_WORK INSTRUCTIONS_. In the listing below, the answer starts at the line that has "Revente - Villa" and stops after the line that has "Magic : The"; please repeat that part exactly and nothing more.

_INFORMATION GIVEN_.
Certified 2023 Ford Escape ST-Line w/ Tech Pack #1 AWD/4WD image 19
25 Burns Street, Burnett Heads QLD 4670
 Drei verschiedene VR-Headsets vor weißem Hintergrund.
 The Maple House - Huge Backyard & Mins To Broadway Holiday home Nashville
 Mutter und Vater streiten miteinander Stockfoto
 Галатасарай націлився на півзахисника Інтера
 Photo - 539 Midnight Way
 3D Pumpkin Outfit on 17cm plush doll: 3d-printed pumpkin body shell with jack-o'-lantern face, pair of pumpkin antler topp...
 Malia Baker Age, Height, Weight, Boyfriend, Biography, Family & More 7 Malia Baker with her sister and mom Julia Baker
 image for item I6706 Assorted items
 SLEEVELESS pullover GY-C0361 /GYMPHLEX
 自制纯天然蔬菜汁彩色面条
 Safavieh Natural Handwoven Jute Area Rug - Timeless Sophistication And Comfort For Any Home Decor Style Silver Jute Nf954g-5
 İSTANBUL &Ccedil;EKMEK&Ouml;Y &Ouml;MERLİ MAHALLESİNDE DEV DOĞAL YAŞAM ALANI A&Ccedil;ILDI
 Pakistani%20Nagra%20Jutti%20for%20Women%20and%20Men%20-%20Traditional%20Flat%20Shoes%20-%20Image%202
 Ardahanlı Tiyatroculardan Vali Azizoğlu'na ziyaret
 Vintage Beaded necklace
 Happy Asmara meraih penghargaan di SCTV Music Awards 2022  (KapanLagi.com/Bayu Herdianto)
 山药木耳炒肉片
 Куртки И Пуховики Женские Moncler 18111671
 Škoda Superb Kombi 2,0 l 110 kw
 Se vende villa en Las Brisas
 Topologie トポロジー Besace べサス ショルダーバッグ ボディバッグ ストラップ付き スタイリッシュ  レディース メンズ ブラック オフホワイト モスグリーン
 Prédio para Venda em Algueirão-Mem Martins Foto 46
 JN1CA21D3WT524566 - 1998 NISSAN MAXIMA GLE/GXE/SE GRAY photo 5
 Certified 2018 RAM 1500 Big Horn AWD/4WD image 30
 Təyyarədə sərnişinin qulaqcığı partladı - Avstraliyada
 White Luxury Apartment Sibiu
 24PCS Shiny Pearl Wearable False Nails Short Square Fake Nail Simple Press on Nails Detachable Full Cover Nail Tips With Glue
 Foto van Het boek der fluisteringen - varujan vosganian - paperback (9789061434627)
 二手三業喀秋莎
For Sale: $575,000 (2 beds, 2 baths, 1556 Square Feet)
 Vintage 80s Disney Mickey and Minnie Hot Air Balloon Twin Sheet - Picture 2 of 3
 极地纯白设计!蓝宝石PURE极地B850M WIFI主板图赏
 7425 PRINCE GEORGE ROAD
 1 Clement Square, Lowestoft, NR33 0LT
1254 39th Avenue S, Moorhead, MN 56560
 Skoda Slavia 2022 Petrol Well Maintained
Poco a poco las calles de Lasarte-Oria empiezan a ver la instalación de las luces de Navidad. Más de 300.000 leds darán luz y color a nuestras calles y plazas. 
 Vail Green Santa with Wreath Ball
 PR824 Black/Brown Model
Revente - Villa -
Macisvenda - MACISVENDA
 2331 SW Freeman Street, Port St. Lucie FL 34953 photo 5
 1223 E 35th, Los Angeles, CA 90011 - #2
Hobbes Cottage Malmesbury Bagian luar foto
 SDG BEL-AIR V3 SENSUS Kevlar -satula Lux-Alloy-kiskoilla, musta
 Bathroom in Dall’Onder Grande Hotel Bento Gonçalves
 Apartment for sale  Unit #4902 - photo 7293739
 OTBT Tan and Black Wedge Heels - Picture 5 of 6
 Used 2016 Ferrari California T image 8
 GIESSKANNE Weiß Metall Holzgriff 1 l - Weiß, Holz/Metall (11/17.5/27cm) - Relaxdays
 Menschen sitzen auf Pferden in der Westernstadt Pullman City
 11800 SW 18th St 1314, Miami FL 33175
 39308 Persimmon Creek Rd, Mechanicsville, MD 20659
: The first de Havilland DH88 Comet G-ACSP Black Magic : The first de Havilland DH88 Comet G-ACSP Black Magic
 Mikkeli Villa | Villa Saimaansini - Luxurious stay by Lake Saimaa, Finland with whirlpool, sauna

_REPLY_.
Revente - Villa -
Macisvenda - MACISVENDA
 2331 SW Freeman Street, Port St. Lucie FL 34953 photo 5
 1223 E 35th, Los Angeles, CA 90011 - #2
Hobbes Cottage Malmesbury Bagian luar foto
 SDG BEL-AIR V3 SENSUS Kevlar -satula Lux-Alloy-kiskoilla, musta
 Bathroom in Dall’Onder Grande Hotel Bento Gonçalves
 Apartment for sale  Unit #4902 - photo 7293739
 OTBT Tan and Black Wedge Heels - Picture 5 of 6
 Used 2016 Ferrari California T image 8
 GIESSKANNE Weiß Metall Holzgriff 1 l - Weiß, Holz/Metall (11/17.5/27cm) - Relaxdays
 Menschen sitzen auf Pferden in der Westernstadt Pullman City
 11800 SW 18th St 1314, Miami FL 33175
 39308 Persimmon Creek Rd, Mechanicsville, MD 20659
: The first de Havilland DH88 Comet G-ACSP Black Magic : The first de Havilland DH88 Comet G-ACSP Black Magic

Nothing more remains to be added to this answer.